Allergies and Intolerances
You might not always be aware of specific food allergies or insensitivities that you have. After eating certain meals you may notice that you experience bloating, gas, indigestion, or other similar symptoms. This can often be due to a food sensitivity, intolerance or even an allergy.
If you are eating foods that do not entirely agree with your body then you can be making it much harder for your digestive system to do its job properly.
A good way to identify problem foods is to keep a food diary and to note how you feel physically after eating each meal. You can then recognise which foods may be contributing to these feelings of ill health and then make the decision to eradicate them from your diet.

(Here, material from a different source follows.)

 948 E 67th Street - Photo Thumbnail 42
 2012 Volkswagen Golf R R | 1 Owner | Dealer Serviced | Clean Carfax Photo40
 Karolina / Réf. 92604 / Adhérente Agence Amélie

Encourage Digestive Balance
Eating a wide range of foods that are known to support digestive health is one of the best ways to encourage optimum digestion. Those that contain an abundance of good bacteria are the best to choose. The gut can only thrive with health if there is an adequate amount of good bacteria present, and choosing to eat foods that contain this bacteria is the best way to replenish these stores.
You can find good bacteria in certain foods, and it is also easy to top of your good bacteria stores by taking a daily probiotic supplement. Fermented foods are among the best to choose when eating for gut health. Kimchi, sauerkraut, kefir and kombucha are fantastic items to add into your diet regularly.
Eating Before Bed
Eating before bed is one of the most common ways that people can upset the natural balance of the digestive system. If you eat your last meal of the day too close to bed time then you run the risk of disrupting your digestive system, which can then impact the quality of sleep you enjoy that night. This is especially going to be the case if the foods that you consume late at night are highly processed, high in sugar, or contain refined grains.
In order to help boost the health of your digestive system, and improve your quality of sleep, it is best to stop eating at least two hours before you go to bed. Aiming to leave at least 12 hours between your last meal of the day and your breakfast the following morning is a great idea.